Why Geometry Matters
Magnetic circuits are controlled by length and area. A longer magnet can support a stronger load line. A shorter air gap also improves the coefficient. Larger effective gap area can raise useful permeance, but leakage can remove part of that gain. Fringing can increase the apparent gap area near edges. The calculator includes both effects so the estimate is more practical.
Using Operating Point Data
Measured flux density and demagnetizing field give a second coefficient check. This is useful when test data or simulation output is available. If the field based value is close to the geometry value, the magnetic model is consistent. If the values differ strongly, review the assumed gap, leakage factor, material grade, and field units.
Reading the Results
The geometry coefficient is best for early design. The field coefficient is best for validation. Magnet permeance and gap permeance show which section limits the magnetic path. Series permeance gives the combined path. The estimated operating flux density uses a linear recoil approximation. It is helpful for quick comparisons, not final certification.
Design Notes
Always allow margin for heat, tolerances, coating thickness, and assembly gaps. Temperature derating reduces the available remanence. High demagnetizing field can push the magnet near its coercive limit. Use the safety ratio as a warning indicator. For final products, compare this result with finite element analysis and supplier magnet curves.
FAQs
1. What is a permeance coefficient?
It is a dimensionless load line measure for a magnet. It compares flux density with demagnetizing field and helps estimate the magnet operating point.
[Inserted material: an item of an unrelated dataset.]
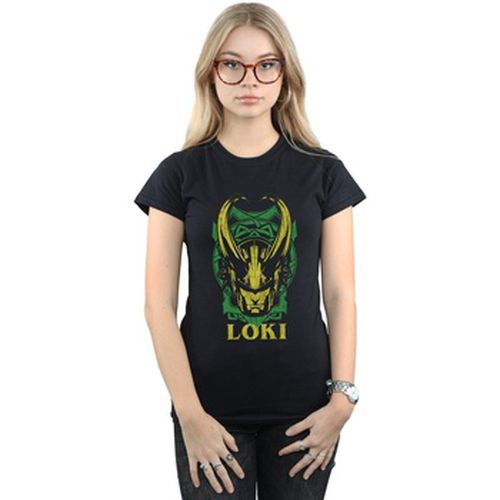 T-shirt Marvel Loki Badge - Marvel - Modalova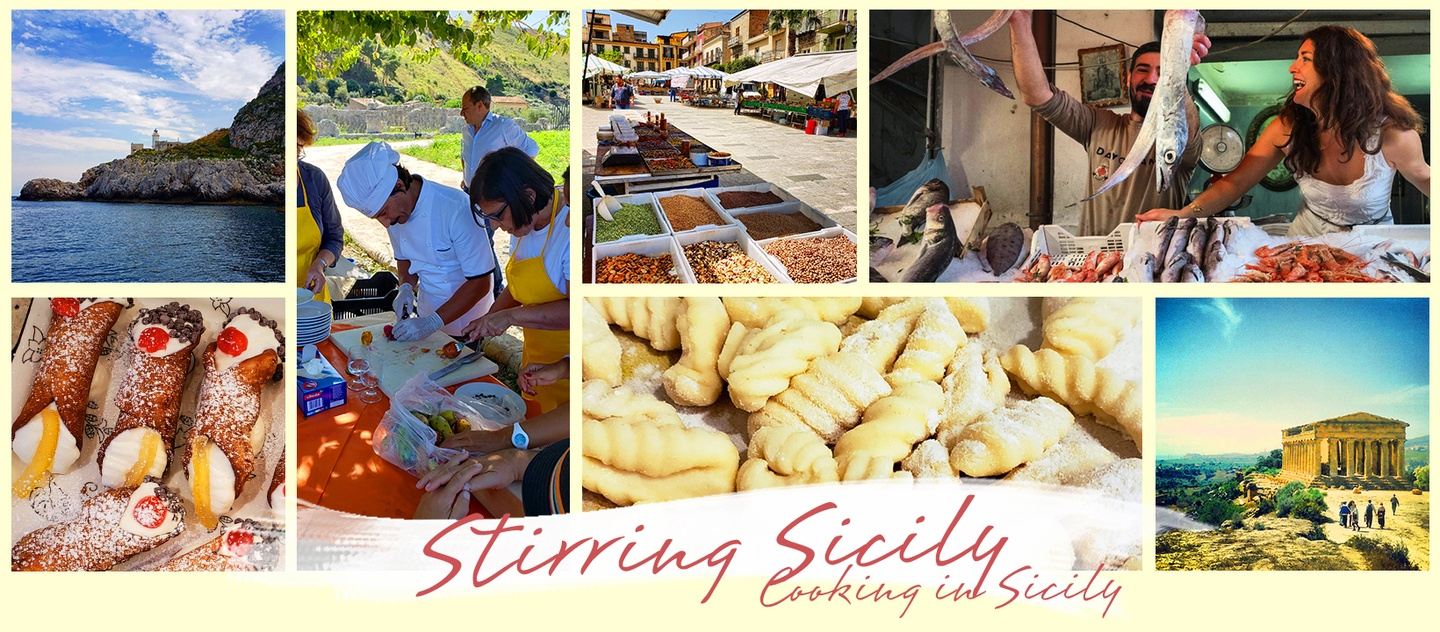 Stirring Sicily: Cooking in Sicily 2024 (Tour 1)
2. Is a higher coefficient always better?
Not always. A higher coefficient often improves flux density, but design goals, cost, size, saturation, and gap shape still matter.
3. What units should I enter?
Enter lengths in millimeters, areas in square millimeters, flux density in tesla, and demagnetizing field or coercive force in kA/m.
4. What does the leakage factor mean?
It represents the useful portion of flux that crosses the intended air gap. Lower values mean more flux escapes through unwanted paths.
5. What does the fringing factor mean?
It increases effective gap area when flux spreads near the air gap edges. It is usually slightly above one.
6. Why compare geometry and field coefficients?
The comparison checks consistency. A large mismatch may point to wrong dimensions, unit errors, saturation, heavy leakage, or unrealistic material assumptions.
7. Can this replace magnetic simulation?
No. It is a fast engineering estimate. Complex shapes, saturation, nonlinear materials, and nearby steel parts should be checked by simulation or testing.
8. What is a safe coefficient range?
There is no universal range. Many designs aim above one, but safe operation depends on magnet grade, temperature, coercivity, and load conditions.